3話のテスト後、歌乃が救急車で運ばれた後の話。  
 
 
 
「だから、せめてあなたがそうなれるように協力してあげる。あたしの・・・・・・生きてる指で」  
病院の待合室で待っている間、唱吾の脳裏には歌乃の言葉が絶えずぐるぐると巡っていた。  

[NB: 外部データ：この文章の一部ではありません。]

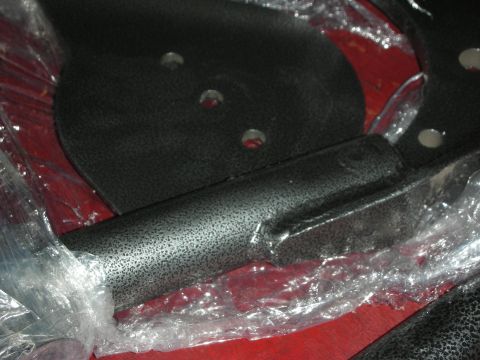 1998 Ford Crown Victoria - Detail of black textured-finish brackets and a tubular arm partially covered in plastic wrap on red bench.
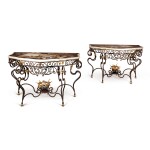  A PAIR OF SPANISH BAROQUE STYLE PIETRE DURE AND PARCEL-GILT WROUGHT IRON CONSOLE TABLES, THE TOPS AFTER THE BUEN RETIRO WORKSHOP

赤の他人である自分の為だけにピアノを弾いた歌乃。  
その思考は、唱吾には理解出来なかった。  
 
やがてドアが開く音が聞こえ、唱吾は視線をそちらに向けた。心なしか顔色の悪い歌乃が、少しおぼつかない足取りでこちらに向かってくる。  
「大丈夫か?」  
「うん・・・・・・異常は無いけど、疲労が激しいから早く家に戻って休んだ方がいいって」  
「そうか。車を手配しておいたから、今日はそれで帰るといい」  
「分かった・・・・・・」  
やはりつらいのだろう、いつもの明るい笑顔は見えない。  
唱吾は、ふらふらと脇を通り過ぎようとする彼女の手を掴んだ。  
驚いたように振り向く歌乃に、溜め息混じりに告げる。  
「今にも倒れそうじゃないか。車まで送っていくよ」  
その言葉を聞いた歌乃は、弱々しく笑みを浮かべた。  
「ありがと」  
「別に。礼には及ばないさ。途中で転んで手に怪我でもされたら困るしね」  
歌乃の手を引いて歩きながら、唱吾は微かに自嘲するような笑みを浮かべた。  
手を惹かれて歩く歌乃には、前を歩く唱吾の表情は見えていない。  
 
彼女は、今自分の手を握っているのが外見よりもっと醜い心を持っている男だと気付いているだろうか?  
彼女が思っているよりもずっと、汚い人間だと。  
・・・・・・いや、きっと気付いていないだろう。  
そうでなければ、平気な顔で縋れるはずがない。笑いかけられるはずがない。  
もしこの心の全てを知ったとして、彼女はどう反応するだろう。  
軽蔑するだろうか。それとも受け入れるのだろうか。  
 
『僕には分からない』  
一瞬の逡巡の後、唱吾は自分の問いにそう答えた。  
欲しい物なら金で手に入れればいい。金で手に入らないものならば自分から嫌いになってしまえばいい。  
そう生きてきた唱吾にとって、利用されるぐらいなら万引き少女に戻った方がマシだと言い切った歌乃は理解不能の存在だった。  
 
理解出来ない。  
彼女の笑顔を見る度に沸き起こるこの感情の名も。  
金で動くような人間ではない彼女にどうしようもなく苛つく理由も。  
理解などしたくない。  
金で手に入らないものなら嫌ってしまえばいい。  
この感情の正体をはっきりと理解したとして、どうなるというのだ。  
金で手に入らないものを追いかけるほどの情熱など、持ち合わせてはいないのだから。  
 
停まっている迎えの車まで、あと数メートル。  
もう少しだけ。もう少しだけ、このままで。  
そう願う自分の心の声に気付き、唱吾は自嘲するような笑みを苦笑に変えた。